Prompt:
Please restate, word for word, the lines below that begin at the one with "Coloriage Enfant souriant" and end at the one with "aerial view with a mountain view". Leave out all other lines.

══════════════════════════════

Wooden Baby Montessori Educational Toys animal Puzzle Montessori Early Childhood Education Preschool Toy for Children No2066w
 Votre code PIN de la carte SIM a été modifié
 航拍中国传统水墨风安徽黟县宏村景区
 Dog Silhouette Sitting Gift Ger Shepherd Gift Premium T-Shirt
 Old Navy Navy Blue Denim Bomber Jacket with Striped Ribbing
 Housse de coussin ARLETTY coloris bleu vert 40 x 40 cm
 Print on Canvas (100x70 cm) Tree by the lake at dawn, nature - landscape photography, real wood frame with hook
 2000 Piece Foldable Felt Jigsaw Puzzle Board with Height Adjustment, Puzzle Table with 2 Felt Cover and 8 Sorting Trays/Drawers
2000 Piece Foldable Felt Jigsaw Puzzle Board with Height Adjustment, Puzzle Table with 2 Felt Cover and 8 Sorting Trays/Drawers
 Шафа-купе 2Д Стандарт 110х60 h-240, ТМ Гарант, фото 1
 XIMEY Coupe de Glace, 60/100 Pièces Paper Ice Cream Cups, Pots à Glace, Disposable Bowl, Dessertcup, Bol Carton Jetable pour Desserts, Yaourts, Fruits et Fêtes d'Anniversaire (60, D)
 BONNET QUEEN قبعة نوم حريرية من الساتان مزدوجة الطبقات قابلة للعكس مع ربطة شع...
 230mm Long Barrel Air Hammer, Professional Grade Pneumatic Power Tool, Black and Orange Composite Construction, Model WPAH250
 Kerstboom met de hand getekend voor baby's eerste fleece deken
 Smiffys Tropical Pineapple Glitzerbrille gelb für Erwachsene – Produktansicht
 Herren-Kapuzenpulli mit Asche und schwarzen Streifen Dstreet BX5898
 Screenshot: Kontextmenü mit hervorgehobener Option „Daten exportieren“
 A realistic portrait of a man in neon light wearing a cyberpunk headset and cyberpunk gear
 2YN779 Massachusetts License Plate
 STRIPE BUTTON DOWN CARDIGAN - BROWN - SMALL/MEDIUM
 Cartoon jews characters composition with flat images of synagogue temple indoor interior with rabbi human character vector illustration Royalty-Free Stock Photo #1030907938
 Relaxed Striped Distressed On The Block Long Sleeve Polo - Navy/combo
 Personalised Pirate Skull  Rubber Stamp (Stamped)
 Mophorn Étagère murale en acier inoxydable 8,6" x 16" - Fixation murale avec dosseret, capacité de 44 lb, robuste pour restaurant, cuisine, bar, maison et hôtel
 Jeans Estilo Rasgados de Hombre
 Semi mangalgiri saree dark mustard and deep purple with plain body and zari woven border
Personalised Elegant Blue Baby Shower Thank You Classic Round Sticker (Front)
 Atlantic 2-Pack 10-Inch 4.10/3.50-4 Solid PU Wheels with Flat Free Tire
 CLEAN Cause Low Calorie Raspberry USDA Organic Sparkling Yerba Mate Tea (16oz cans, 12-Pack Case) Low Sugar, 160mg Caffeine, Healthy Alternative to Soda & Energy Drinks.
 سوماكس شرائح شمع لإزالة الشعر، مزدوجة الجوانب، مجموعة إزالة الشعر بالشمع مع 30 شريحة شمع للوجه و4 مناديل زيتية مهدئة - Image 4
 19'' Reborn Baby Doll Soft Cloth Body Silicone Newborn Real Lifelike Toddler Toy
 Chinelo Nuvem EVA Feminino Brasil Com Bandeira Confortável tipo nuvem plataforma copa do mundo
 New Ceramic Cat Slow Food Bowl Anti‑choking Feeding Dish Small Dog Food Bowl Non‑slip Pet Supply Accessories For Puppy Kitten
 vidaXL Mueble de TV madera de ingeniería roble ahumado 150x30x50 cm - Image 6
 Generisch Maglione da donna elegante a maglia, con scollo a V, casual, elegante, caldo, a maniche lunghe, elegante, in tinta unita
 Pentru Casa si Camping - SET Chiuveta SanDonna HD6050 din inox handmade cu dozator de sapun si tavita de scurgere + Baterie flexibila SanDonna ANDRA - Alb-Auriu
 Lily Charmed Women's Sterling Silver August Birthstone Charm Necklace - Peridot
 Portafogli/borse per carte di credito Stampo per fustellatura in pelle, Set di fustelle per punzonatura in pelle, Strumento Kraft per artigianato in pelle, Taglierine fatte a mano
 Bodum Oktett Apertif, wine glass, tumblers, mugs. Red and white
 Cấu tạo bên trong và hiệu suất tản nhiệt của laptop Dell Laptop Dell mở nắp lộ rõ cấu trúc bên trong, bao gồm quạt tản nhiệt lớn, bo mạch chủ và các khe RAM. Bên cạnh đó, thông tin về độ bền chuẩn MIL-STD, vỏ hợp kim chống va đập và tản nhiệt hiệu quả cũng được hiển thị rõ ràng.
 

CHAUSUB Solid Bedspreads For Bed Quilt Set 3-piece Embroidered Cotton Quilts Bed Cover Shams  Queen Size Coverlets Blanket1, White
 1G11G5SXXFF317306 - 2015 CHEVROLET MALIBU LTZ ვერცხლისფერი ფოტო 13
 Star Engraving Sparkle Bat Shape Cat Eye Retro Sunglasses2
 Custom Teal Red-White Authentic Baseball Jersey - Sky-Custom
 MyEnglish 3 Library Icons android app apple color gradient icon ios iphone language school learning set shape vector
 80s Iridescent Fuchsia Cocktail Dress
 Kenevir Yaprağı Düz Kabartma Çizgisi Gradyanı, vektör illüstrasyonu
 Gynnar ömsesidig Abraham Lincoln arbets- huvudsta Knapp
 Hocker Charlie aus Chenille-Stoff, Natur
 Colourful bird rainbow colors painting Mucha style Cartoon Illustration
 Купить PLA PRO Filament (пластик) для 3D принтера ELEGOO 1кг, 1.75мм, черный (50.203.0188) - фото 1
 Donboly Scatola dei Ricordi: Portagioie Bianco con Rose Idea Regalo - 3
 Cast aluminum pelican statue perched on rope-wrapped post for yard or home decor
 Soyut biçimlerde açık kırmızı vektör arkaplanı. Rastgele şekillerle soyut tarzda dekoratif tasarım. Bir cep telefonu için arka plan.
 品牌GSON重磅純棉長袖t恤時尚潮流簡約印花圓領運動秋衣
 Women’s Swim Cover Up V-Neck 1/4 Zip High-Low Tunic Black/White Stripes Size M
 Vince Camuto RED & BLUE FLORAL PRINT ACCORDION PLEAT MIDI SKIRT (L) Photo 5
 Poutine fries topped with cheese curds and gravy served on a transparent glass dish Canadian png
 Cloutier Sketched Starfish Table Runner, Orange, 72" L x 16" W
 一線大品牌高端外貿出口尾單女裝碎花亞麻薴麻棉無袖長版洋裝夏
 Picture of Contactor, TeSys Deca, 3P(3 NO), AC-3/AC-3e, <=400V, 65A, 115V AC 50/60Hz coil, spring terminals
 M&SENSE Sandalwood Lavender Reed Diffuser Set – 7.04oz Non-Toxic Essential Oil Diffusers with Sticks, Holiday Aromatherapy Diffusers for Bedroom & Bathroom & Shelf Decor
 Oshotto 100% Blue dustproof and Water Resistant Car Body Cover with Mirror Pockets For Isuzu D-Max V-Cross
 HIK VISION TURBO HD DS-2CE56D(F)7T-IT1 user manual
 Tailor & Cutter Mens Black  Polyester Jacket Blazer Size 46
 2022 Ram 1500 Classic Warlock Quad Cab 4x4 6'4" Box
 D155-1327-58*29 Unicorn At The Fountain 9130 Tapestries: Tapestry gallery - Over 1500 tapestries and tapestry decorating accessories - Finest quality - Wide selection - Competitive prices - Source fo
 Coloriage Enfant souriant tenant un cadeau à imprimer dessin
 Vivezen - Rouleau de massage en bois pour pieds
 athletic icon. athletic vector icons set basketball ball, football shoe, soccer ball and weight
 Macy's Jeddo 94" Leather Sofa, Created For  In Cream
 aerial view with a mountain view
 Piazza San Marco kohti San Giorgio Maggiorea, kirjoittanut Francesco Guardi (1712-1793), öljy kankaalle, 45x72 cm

══════════════════════════════

Worked solution:
 Coloriage Enfant souriant tenant un cadeau à imprimer dessin
 Vivezen - Rouleau de massage en bois pour pieds
 athletic icon. athletic vector icons set basketball ball, football shoe, soccer ball and weight
 Macy's Jeddo 94" Leather Sofa, Created For  In Cream
 aerial view with a mountain view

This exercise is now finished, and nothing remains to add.